Supplied entries START
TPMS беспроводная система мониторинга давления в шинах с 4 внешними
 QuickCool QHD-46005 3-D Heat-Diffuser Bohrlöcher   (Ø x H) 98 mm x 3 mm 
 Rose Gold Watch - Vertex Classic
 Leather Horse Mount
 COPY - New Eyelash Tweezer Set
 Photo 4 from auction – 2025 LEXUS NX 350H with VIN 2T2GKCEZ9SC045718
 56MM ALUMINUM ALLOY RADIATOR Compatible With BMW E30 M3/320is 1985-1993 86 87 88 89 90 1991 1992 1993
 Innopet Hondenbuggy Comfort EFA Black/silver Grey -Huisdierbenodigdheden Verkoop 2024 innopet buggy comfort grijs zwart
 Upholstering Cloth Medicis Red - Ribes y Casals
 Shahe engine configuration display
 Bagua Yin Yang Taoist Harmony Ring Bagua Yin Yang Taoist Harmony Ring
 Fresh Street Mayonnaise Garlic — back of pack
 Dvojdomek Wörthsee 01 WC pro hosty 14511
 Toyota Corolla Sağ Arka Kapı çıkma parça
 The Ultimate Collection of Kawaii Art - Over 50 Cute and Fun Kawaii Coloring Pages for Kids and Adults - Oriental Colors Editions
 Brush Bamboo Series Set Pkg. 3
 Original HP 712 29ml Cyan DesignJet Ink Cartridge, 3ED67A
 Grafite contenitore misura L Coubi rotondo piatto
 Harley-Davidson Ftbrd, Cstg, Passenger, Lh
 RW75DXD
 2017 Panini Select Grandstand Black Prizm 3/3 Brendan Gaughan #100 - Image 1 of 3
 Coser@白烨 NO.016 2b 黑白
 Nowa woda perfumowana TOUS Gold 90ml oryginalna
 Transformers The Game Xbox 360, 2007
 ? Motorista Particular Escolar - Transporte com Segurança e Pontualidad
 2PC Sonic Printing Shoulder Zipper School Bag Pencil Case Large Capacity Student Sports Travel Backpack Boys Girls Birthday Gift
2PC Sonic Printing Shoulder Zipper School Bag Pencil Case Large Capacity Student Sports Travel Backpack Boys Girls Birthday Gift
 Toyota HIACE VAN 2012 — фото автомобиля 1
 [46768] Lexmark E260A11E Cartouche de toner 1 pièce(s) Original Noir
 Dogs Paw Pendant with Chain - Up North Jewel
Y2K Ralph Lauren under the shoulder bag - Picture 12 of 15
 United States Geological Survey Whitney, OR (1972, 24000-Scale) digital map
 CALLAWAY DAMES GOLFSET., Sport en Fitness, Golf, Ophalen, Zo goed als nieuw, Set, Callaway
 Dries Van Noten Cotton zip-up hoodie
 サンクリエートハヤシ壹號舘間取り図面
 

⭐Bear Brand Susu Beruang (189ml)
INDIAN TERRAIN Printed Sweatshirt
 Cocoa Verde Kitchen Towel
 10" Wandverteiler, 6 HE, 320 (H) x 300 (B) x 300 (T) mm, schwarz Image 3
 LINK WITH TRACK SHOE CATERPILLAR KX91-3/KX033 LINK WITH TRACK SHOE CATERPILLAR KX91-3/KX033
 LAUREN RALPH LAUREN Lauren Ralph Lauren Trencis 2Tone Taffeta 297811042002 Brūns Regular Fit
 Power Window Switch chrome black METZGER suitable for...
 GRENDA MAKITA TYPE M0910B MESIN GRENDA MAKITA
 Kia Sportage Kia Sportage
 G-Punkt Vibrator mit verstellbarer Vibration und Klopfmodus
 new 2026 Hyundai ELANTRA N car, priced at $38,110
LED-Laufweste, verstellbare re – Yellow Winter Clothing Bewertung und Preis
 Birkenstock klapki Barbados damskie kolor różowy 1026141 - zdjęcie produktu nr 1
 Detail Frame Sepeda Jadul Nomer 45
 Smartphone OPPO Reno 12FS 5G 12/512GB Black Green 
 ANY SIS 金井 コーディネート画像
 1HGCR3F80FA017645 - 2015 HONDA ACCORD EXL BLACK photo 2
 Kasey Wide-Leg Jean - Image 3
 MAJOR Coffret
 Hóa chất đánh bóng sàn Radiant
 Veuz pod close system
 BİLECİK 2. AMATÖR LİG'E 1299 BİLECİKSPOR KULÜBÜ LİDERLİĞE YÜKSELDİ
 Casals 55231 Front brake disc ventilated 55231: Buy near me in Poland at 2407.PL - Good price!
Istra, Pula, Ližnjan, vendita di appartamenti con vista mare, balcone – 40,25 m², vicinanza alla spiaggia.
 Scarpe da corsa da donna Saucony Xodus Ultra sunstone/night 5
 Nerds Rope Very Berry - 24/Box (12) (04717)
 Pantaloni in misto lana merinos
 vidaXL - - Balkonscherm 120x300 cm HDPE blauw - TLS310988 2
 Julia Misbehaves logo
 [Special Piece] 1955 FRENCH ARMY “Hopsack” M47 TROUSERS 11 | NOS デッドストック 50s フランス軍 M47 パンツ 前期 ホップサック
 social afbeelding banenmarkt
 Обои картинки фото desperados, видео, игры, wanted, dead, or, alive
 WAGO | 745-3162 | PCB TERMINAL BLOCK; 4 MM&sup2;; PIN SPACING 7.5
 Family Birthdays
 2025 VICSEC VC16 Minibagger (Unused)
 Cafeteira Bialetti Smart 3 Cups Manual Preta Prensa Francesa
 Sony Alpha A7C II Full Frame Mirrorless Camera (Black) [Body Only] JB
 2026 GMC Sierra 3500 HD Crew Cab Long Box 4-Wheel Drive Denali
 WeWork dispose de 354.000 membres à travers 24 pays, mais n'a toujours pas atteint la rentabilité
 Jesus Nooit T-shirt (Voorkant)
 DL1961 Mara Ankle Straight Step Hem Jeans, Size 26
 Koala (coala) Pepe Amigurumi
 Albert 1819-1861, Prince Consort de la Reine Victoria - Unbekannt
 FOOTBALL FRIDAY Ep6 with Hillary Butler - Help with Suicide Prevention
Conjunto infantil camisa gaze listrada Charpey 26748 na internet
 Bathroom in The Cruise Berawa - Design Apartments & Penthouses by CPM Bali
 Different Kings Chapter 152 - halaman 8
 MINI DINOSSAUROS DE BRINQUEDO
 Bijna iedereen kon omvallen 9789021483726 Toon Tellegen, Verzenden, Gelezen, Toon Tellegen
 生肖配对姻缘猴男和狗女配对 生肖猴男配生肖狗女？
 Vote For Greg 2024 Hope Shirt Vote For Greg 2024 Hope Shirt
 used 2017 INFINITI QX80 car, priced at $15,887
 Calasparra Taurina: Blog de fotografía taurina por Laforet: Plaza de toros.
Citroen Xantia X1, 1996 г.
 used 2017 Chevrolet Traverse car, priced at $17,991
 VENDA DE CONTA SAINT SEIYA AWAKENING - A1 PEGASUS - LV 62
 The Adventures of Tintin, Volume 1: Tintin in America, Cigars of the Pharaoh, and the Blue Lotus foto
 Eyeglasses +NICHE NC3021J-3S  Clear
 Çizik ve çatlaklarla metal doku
Supplied entries END
Please find all lines of the entries that hold the string "Toyota" and copy them.

 Toyota Corolla Sağ Arka Kapı çıkma parça
 Toyota HIACE VAN 2012 — фото автомобиля 1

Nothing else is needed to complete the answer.